The weather to start with. Eight days of almost non-stop torrential rain and gales gave us the perfect excuse to leave our cameras back at the cottage to dry out while we went back out to top up our trench feet and pruned fingers.

Loads of rocks whose feet never saw the air even at low tide gave us clues as to where we should start. Roaring jets of wind straight off the Atlantic and barely diminished by the Americans before they set them on us meant that choosing the best bank to fish from was easy; whichever was most sheltered by those stunning, russet mountains would do and so we set off into the gloom.

I used my old mainline John Wilson spinning rod as usual armed with 4” never-fail white curly tails on 10 gram jigheads and failed. The clock was ticking and no takes. Wish I’d never bothered but where there are rocks surely there would be blennies and didn’t I chuck in my ultra light canal grubs at the last minute?

So out went a 1.5” black glitter curly on a 2gram jighead plop ... Bang, bang, missed; bang, bang, missed; bang, bang, missed. You get the idea. It took a few casts to work it out. Don’t strike just wind and in the next four hours I had well over a hundred. 1 - 3 ounce pollack and coalfish. Every cast a take, in fact several takes followed by a fish.

These tiny little fellows would flash up from the depths and grab the lure even if, or rather, especially if it was skipping through the waves, from any depth of water. Trouble was the rod was a bit too heavy both for casting 2 gm baits and playing 3 oz fish. I needed a rod designed for light rock fishing, so next morning it was off to Tobermory, capital city population seemingly about fifty.

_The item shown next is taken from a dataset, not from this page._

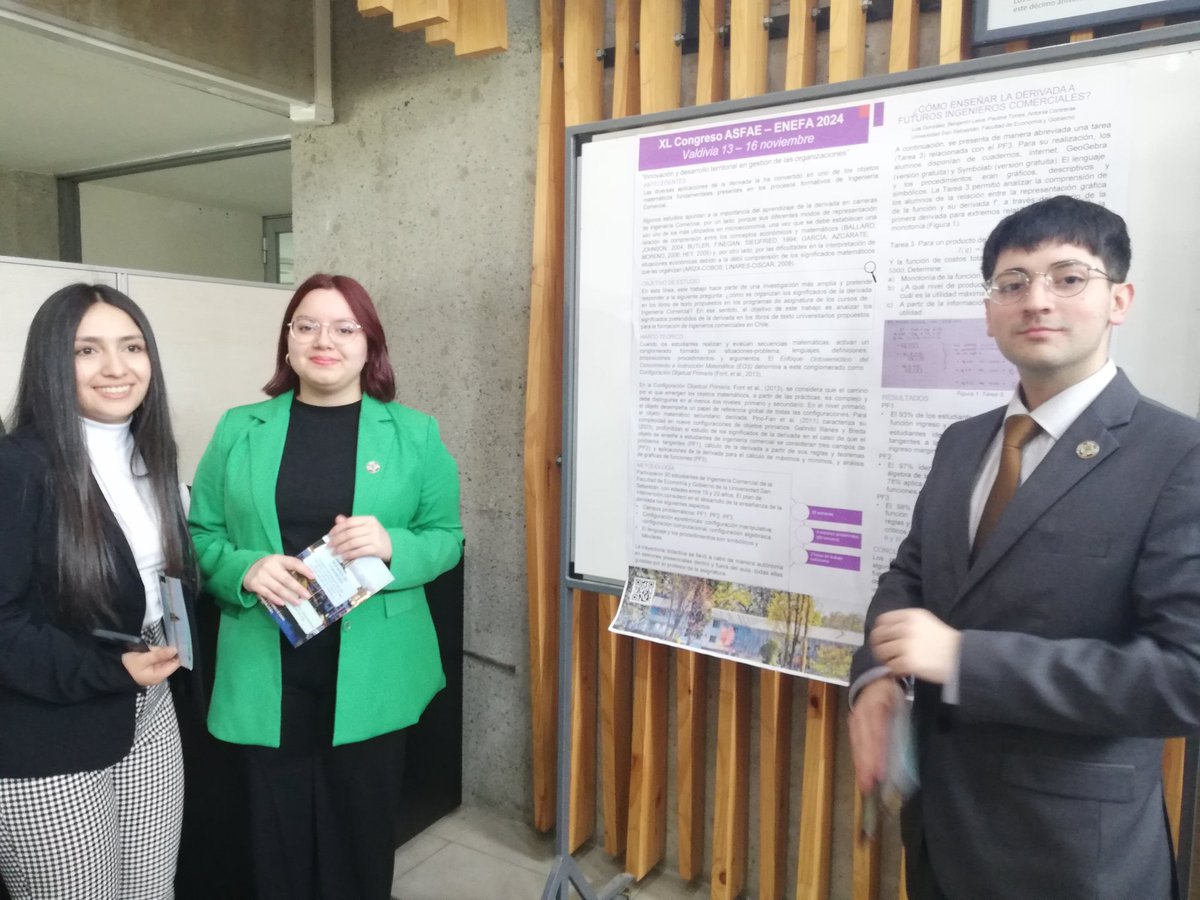 faceauach's tweet photo. Inauguramos la exposición de pósters a cargo de estudiantes, en el Congreso #ASFAE #ENEFA en Facea @UAustraldeChile.
Quienes deseen visitarla, se encuentra en el hall del Edificio Facea hasta este viernes. https://t.co/bGMkiLwTNw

A few shops selling soap and chocolate, a co-op and one fine establishment selling tackle and books. No chance of an lrf set-up there I thought and reading the specifications on the butts of the few rods lined up on the rack seemed to confirm this. 10-35gm, 15-45 gm, those two looked to be the lightest, so no hope really and then I happened to glance at the tips. No way on the face of God’s good earth would either of those rods cast 35 grams, 7 maybe, but not 35. I wiggled, tested against the ceiling and bought the lightest 9 footer. Absolutely brilliant, the rod I have been searching for for years. A Mitchell, premium spinning rod for £25. Obviously at that price it would surely last all day before falling to pieces.

I’ll tell you how good it was, the next day after I had caught and enjoyed another hundred plus catch of small pollack and coalies on the new rod, we raced back to Tobermory and Loz bought the 15-45 gm version. It was even better and will be a perfect 9 ft river rod for ultra lighting.

Properly tooled up now we set off for the opposite bank as the wind changed and almost unbelievably the sun poked its nose round the corner and the rain dried up - mostly.

What fun we had then. True, we ran out of 2 gm jigheads, but we soon knocked some up out of long shank fine wire hooks by bending the shank, pinching a single swan shot on the angle and fixing it with superglue.

The fish got a bit bigger and the light rods allowed them to show off their surprising strength. Eventually we had them to a pound or so and anything over 4 ounces would dive like a submarine for the rocks making our clutches buzz in irritation that such small fish should be so bold.

Needless to say as lure anglers we tried bigger lures, but they failed us and despite every cast at the surface resulting in a fish, we spent a lot of time testing the depths for better fish.

I don’t know how far the tide rose and fell, fifteen feet maybe, but we could fish the top of the submerged seaweed at high tide even with 2 gram jigs. There was no flow, just a steady rise and fall.

Eventually we located a new species. Fishing as deep as possible, small cod up to a pound would take the lures as they accelerated up and away from the seaweed. Three turns and drop it back down to a count of three and we would get another chance. I even had a 1-8 sea trout to round the list off nicely although it was about as determined to escape as a rotten lettuce. Give me some more light rock fishing again soon, please.